Encabannée, de Gabrielle Fliteau-Chiba

Lecture de Pryscilla

« Liste n°115
Mes trois souhaits au génie de la lampe :
– Des bûches qui brûlent jusqu’à l’aube  ;
– Une robe de nuit en peau d’ours polaire ;
– Robin des bois qui cogne à ma porte. 
»

Perdue dans une vie citadine et superficielle, Anouk vend l’appartement qu’elle occupe dans le centre de Montréal pour s’installer dans une cabane au Kamouraska dans le Bas-Saint-Laurent, au Québec.

Bercée par les mots des auteurs qui ont marqué son parcours, émerveillée par la beauté rude de la nature, grisée par la fumée de l’herbe et troublée par une histoire d’amour intense et fugace, le récit d’une « évasion sociétale » pleinement vécue… dans les bonheurs comme dans les peines.

Un hymne à l’écologie et l’amour des grands espaces (petit clin d’œil à Thoreau) et un regard lucide sur ce que chacun est réellement prêt à abandonner pour vivre en accord avec ses convictions…

L’enfant de la prochaine aurore, de Louise Erdrich

Lecture de Pryscilla

Les Etats-Unis, Minnesota.

Cedar Hawk Songmaker, jeune femme enceinte d’origine Ojibwé adoptée par un couple de « blancs » bien pensants, renoue avec ses « parents biologiques » en quête d’information sur son patrimoine génétique.

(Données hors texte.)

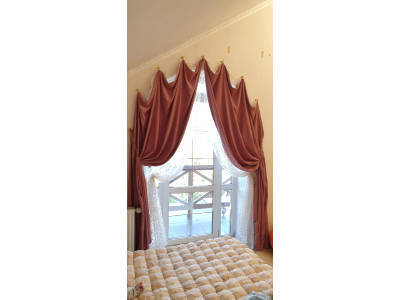 Классические шторы в спальне фото в интерьере пример 2303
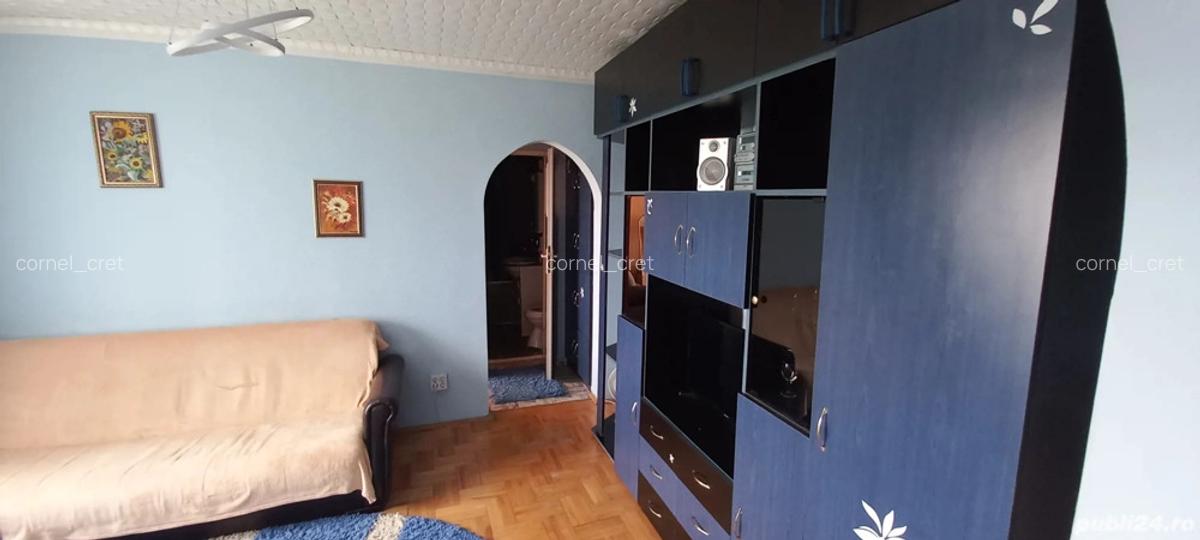 Inchiriez apartament 2 camere - 4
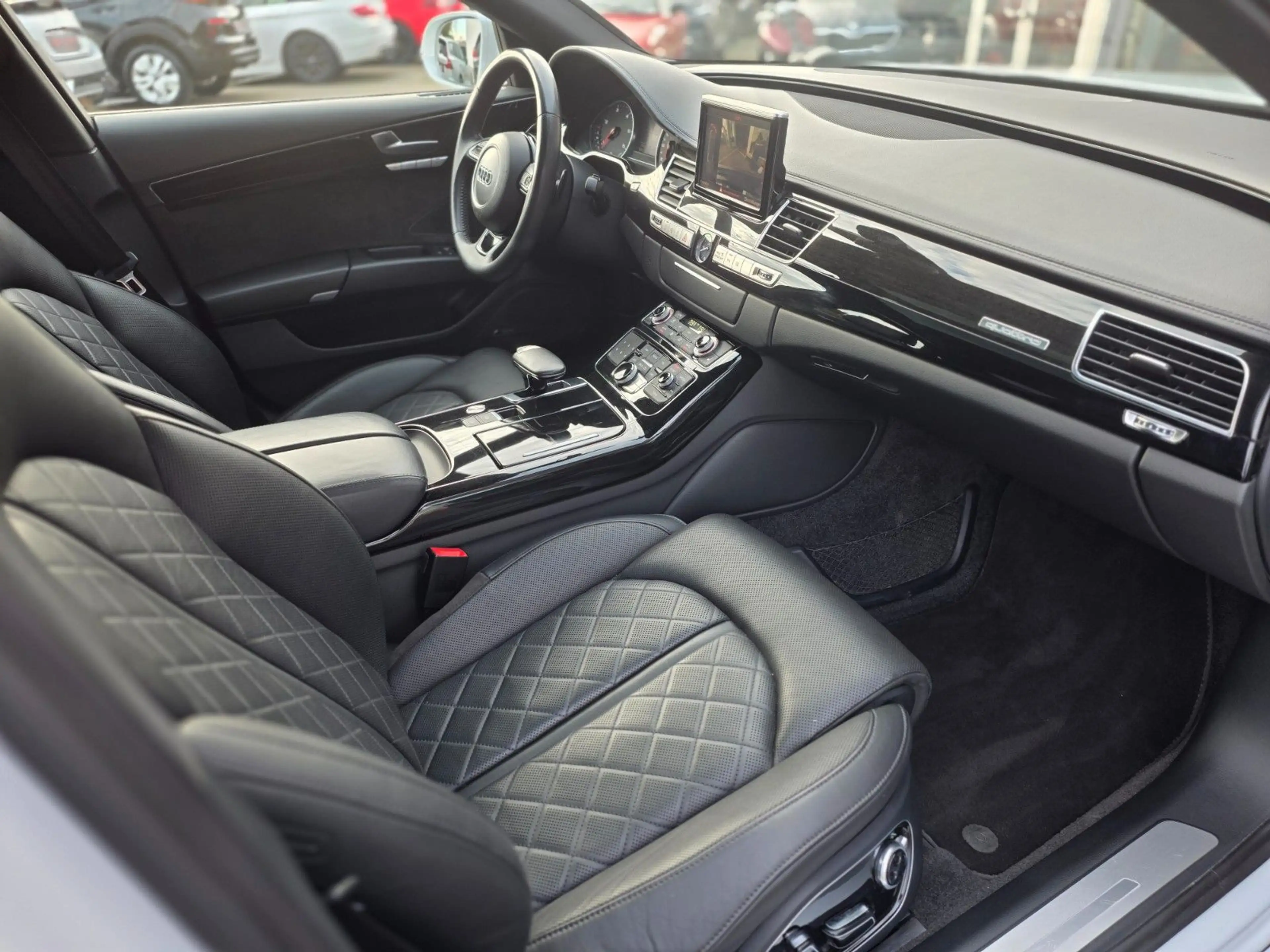 Audi A8 3.0 TDI quattro SCHECKHEFT/EL.SD/360Grad/KOMF — photo 12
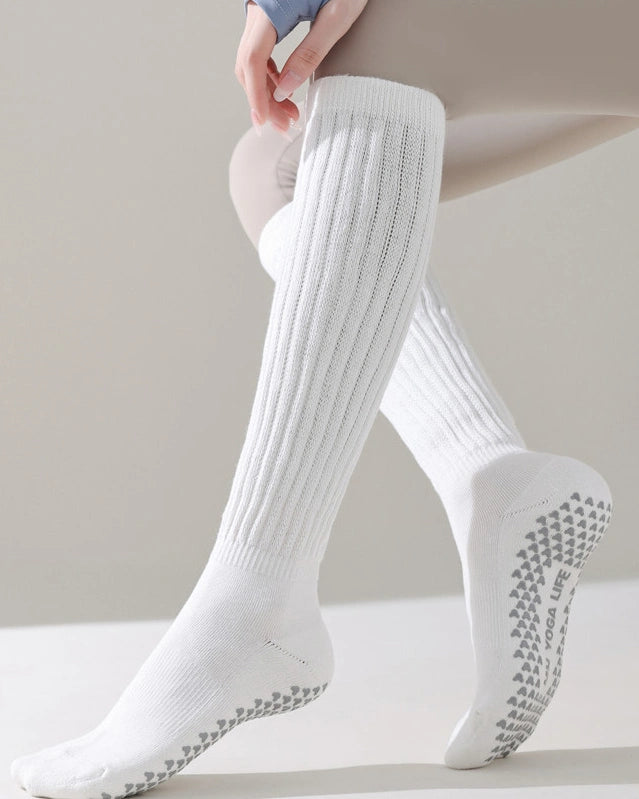 厚手で滑り止め付きの膝丈ソックス 3146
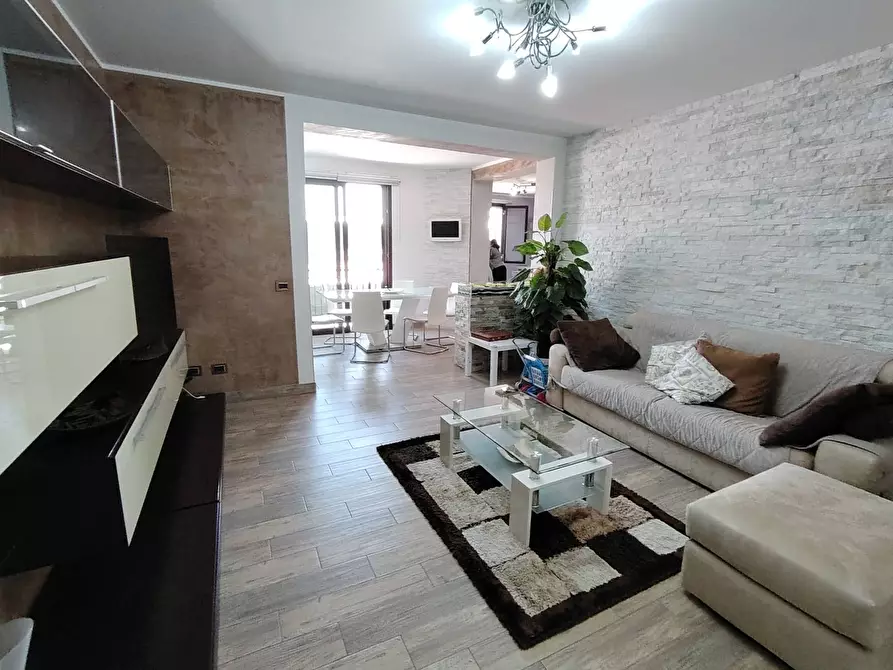 Immagine 5 di Appartamento in vendita  a Floridia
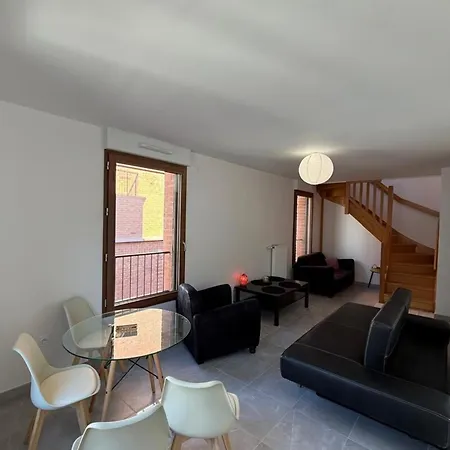 Duplex Neuf Terrasse Commerces Metro Ligne 5 Romainville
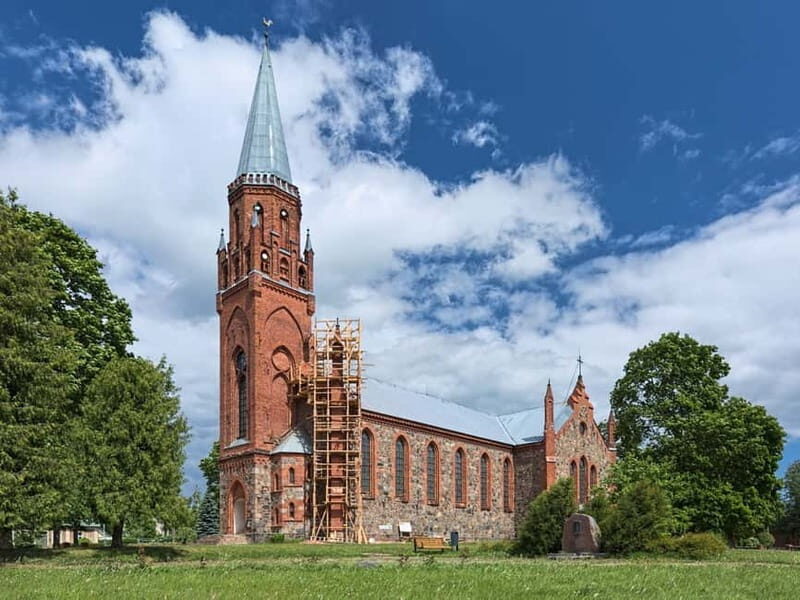 Viljandi: City Highlights Private Walking Tour - Exploring Viljandi Through a Private Guide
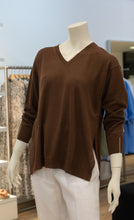 Laden Sie das Bild in den Galerie-Viewer, Peserico Damen Pullover mit V-Ausschnitt in Dunkelbraun

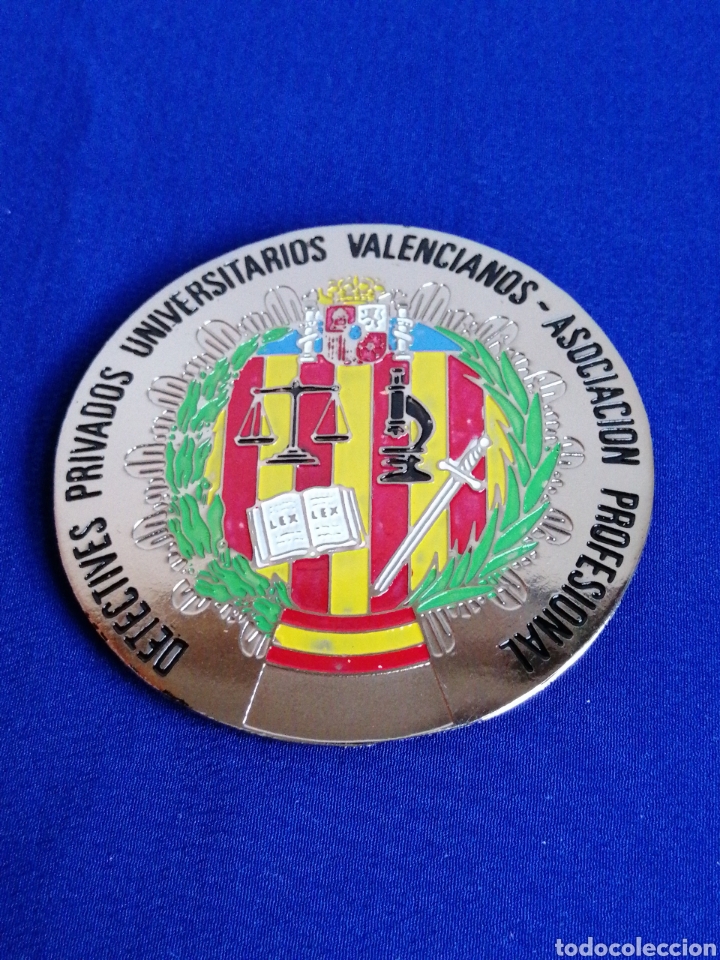 Pin's de collection: DETECTIVES PRIVADOS UNIVERSITARIOS VALENCIANOS ASOCIACI&Oacute;N PROFESIONAL PLACA COLOR PLATA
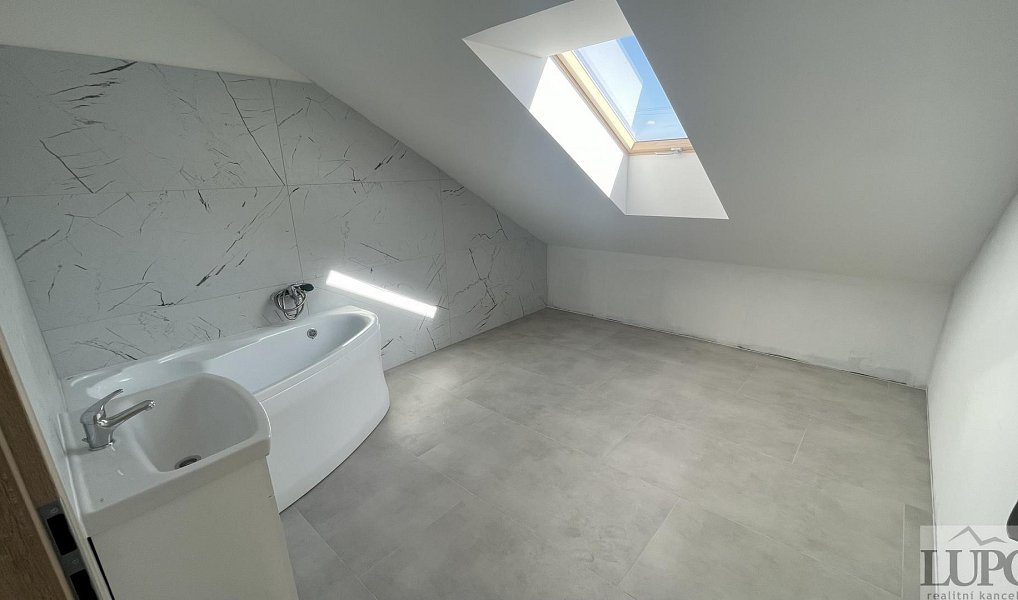 Prodej domu 128 m² s pozemkem 400 m², Postřižín – náhled fotky 13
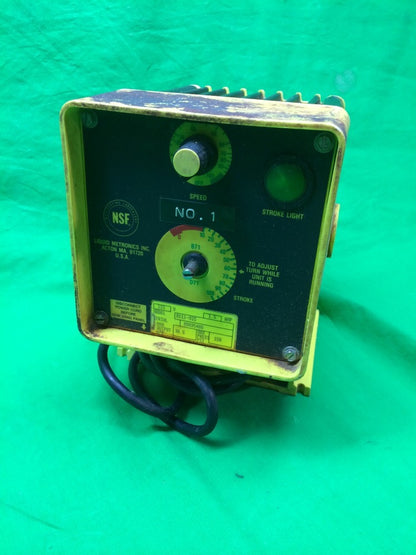 LMI MILTON ROY B111-92S ELECTROMAGNETIC 38.5GPD,150PSI, 115V, DOSING PUMP, USED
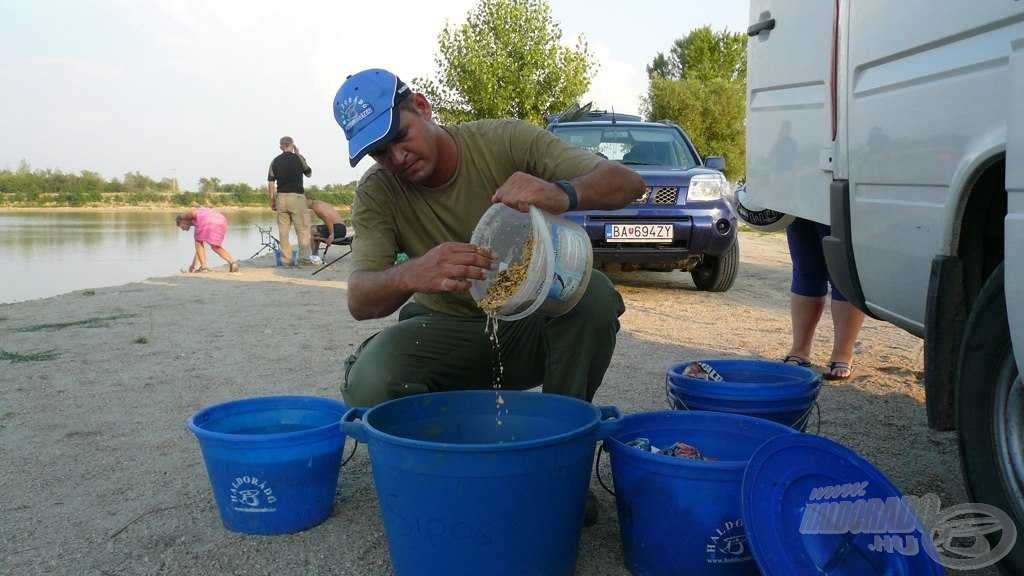 Egy egész éjszakai intenzív horgásztara sok kaja kell…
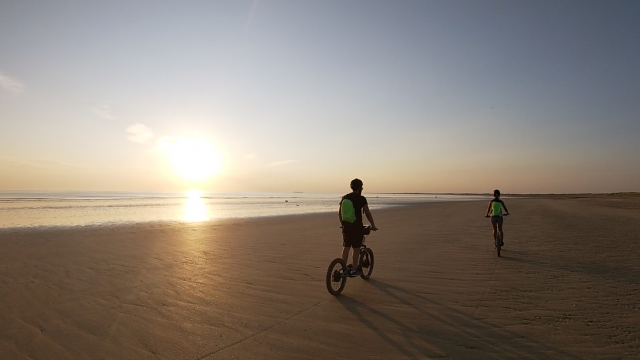 Erdeven - Trottinette électrique sur la plage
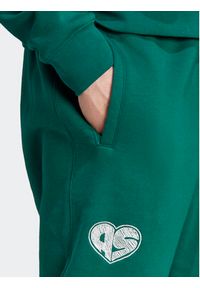 Adidas - adidas Spodnie dresowe Scribble Fleece IJ6457 Zielony Loose Fit. Kolor: zielony. Materiał: bawełna, dresówka #6
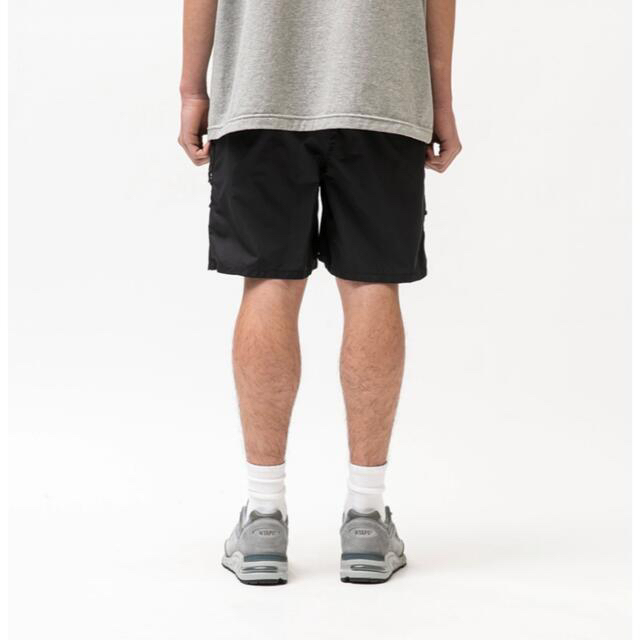 W)taps(ダブルタップス)のWTAPS 2022SS TRACKS SHORTS BLACK XLサイズ メンズのパンツ(ショートパンツ)の商品写真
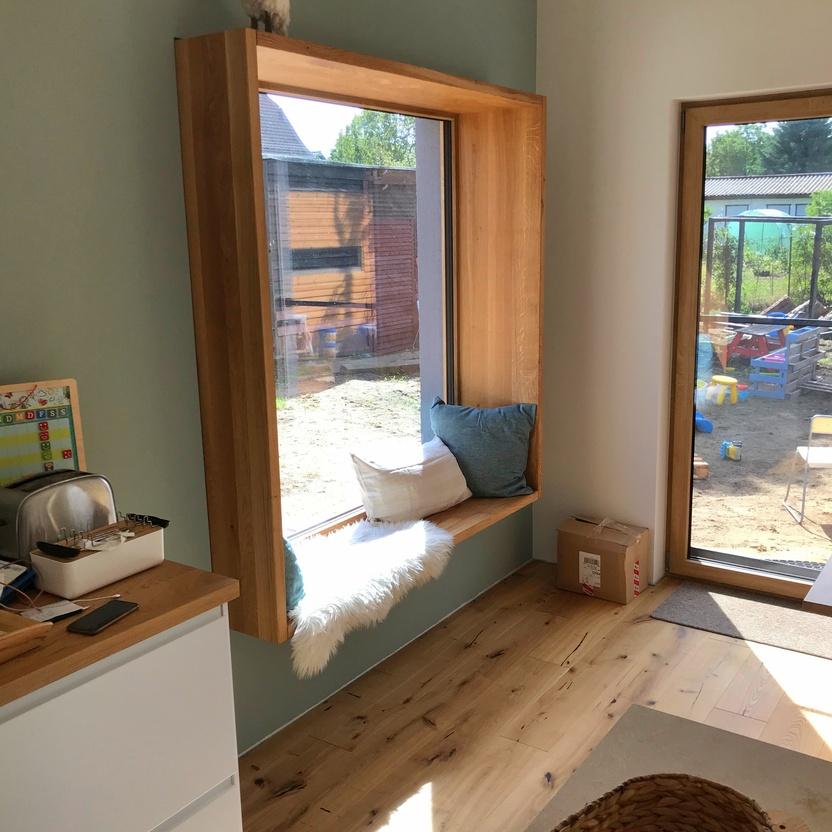 Sitzfenster aus Echtholz Sitzfenster aus Echtholz in Wohnraum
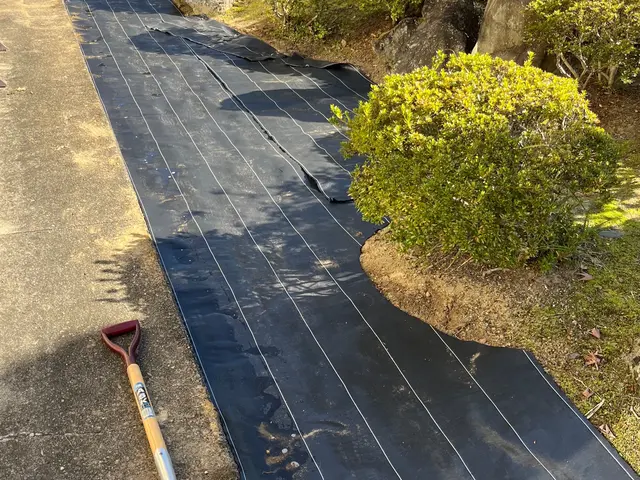 お庭の雑草対策の基本！お客様と細かくご相談の上、施行内容を決めて作業致しますサービスの画像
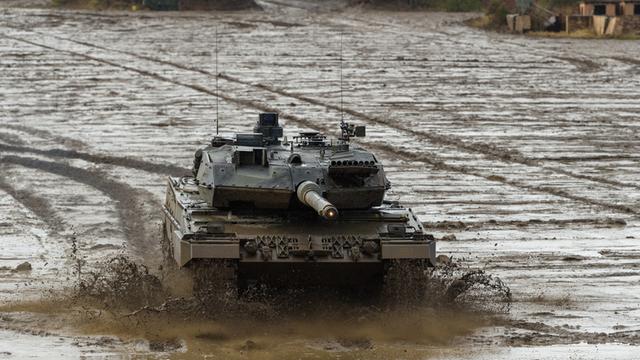 Ein Kampfpanzer der Bundeswehr vom Typ Leopard 2A6 fährt während einer Gefechtsvorführung über den Übungsplatz.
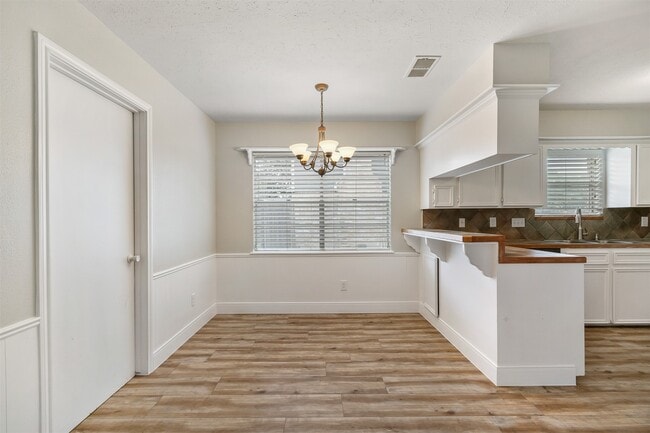 Building Photo - 25519 Many Oak Dr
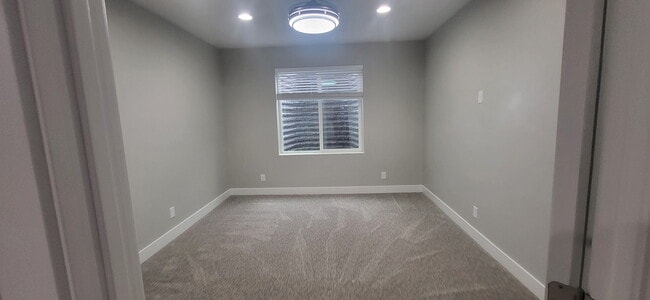 Building Photo - 393 S Cor Vw Dr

Protéger celui ou celle, et qu’importe sa nature, qu’elle porte dans son ventre deviendra son seul moteur dans un monde bouleversé par les plans incoercibles d’une nature revancharde (et on peut la comprendre !) à l’égard de l’espèce humaine.

Une fin du monde dénuée de catastrophe nucléaire, virus meurtrier, guerre, zombies et autres codes des dystopies « traditionnelles » et pourtant, l’extinction de l’humanité que nous dépeint Louise Erdrich dans ce roman n’en reste pas moins glaçante.

Et si demain c’est le principe même de la reproduction qui était remis en question ? Si le corps des femmes ne pouvaient plus donner naissance à une prochaine génération porteuse d’avenir mais à une forme régressive de l’humain ? Qu’adviendrait-il ? Traquées, enfermées pour leurs utérus et « ceux » qu’ils contiennent, les femmes ne sont plus l’avenir de l’homme… Imbue d’elle-même, infatigable et jalouse détentrice de la plus haute marche du podium du vivant, l’humanité, toujours prête à en découdre, hésiterait-elle à basculer dans l’inconcevable pour sauver sa peau ?

Un roman noir, implacable, à ne pas réserver qu’aux seuls amateurs d’anticipation au sens large.

Les références à l’immense « Servante écarlate » de Atwood, évidente sur la thématique et à l’inaltérable modernité de « 1984 » de Orwell, dans le portrait d’un pouvoir despotique emprunt de religion, restent cependant à modérer (avis personnel…) sans rien retirer à la qualité du texte de Louise Erdrich.